Data shown:
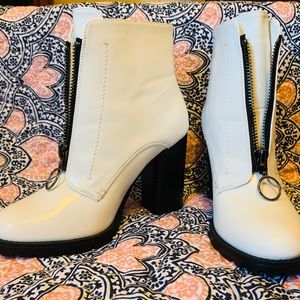 White zip-up ankle boots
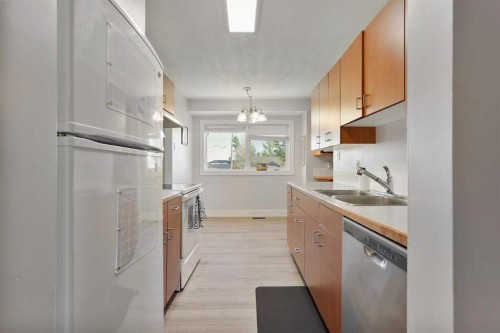 486N 100E, Raymond, AB - Indoor Photo Showing Kitchen With Double Sink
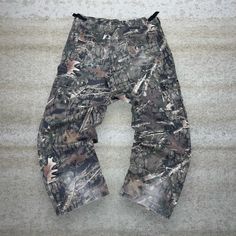 "Vintage Hunting Camo Tactical Pants Baggy Fit Cargos Crazy Woodland Pattern Bear Ridge 90s Skate / Streetwear Great Condition: 7/10 (work wear , aka some character) Men's Size:  Waist: 36\" Length (inseam): 32\" Leg Opening: 9.5\" Thigh Opening: 13\" Front Rise: 12\"" Combat Style Cotton Parachute Pants For Outdoor, Tactical Cargo Jeans For Outdoor Activities, Combat Pants With Belt Loops For Outdoor, Combat Bottoms With Belt Loops For Outdoor Activities, Utility Baggy Cargo Jeans For Outdoor, Baggy Utility Cargo Jeans For Outdoor, Baggy Cargo Jeans With Hip Pockets For Outdoor, Camouflage Utility Cargo Pants With Belt Loops, Tactical Cargo Pants With Belt Loops For Outdoor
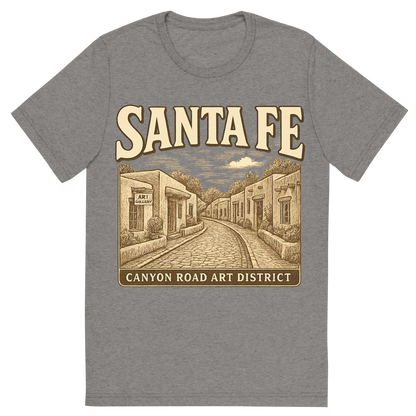 Front view of a Premium Tri-Blend Crew Neck T-Shirt in Grey showing 'A typographic, nostalgic graphic of a typographic illustration of the words 'santa fe' with a vintage line art drawing of the canyon road art district'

How to complete this task: Your task is to reproduce exactly the lines from the one with "486N 100E, Raymond, AB" to the end of the material, both included, with the pictures left out.

Solution:
 486N 100E, Raymond, AB - Indoor Photo Showing Kitchen With Double Sink
 "Vintage Hunting Camo Tactical Pants Baggy Fit Cargos Crazy Woodland Pattern Bear Ridge 90s Skate / Streetwear Great Condition: 7/10 (work wear , aka some character) Men's Size:  Waist: 36\" Length (inseam): 32\" Leg Opening: 9.5\" Thigh Opening: 13\" Front Rise: 12\"" Combat Style Cotton Parachute Pants For Outdoor, Tactical Cargo Jeans For Outdoor Activities, Combat Pants With Belt Loops For Outdoor, Combat Bottoms With Belt Loops For Outdoor Activities, Utility Baggy Cargo Jeans For Outdoor, Baggy Utility Cargo Jeans For Outdoor, Baggy Cargo Jeans With Hip Pockets For Outdoor, Camouflage Utility Cargo Pants With Belt Loops, Tactical Cargo Pants With Belt Loops For Outdoor
 Front view of a Premium Tri-Blend Crew Neck T-Shirt in Grey showing 'A typographic, nostalgic graphic of a typographic illustration of the words 'santa fe' with a vintage line art drawing of the canyon road art district'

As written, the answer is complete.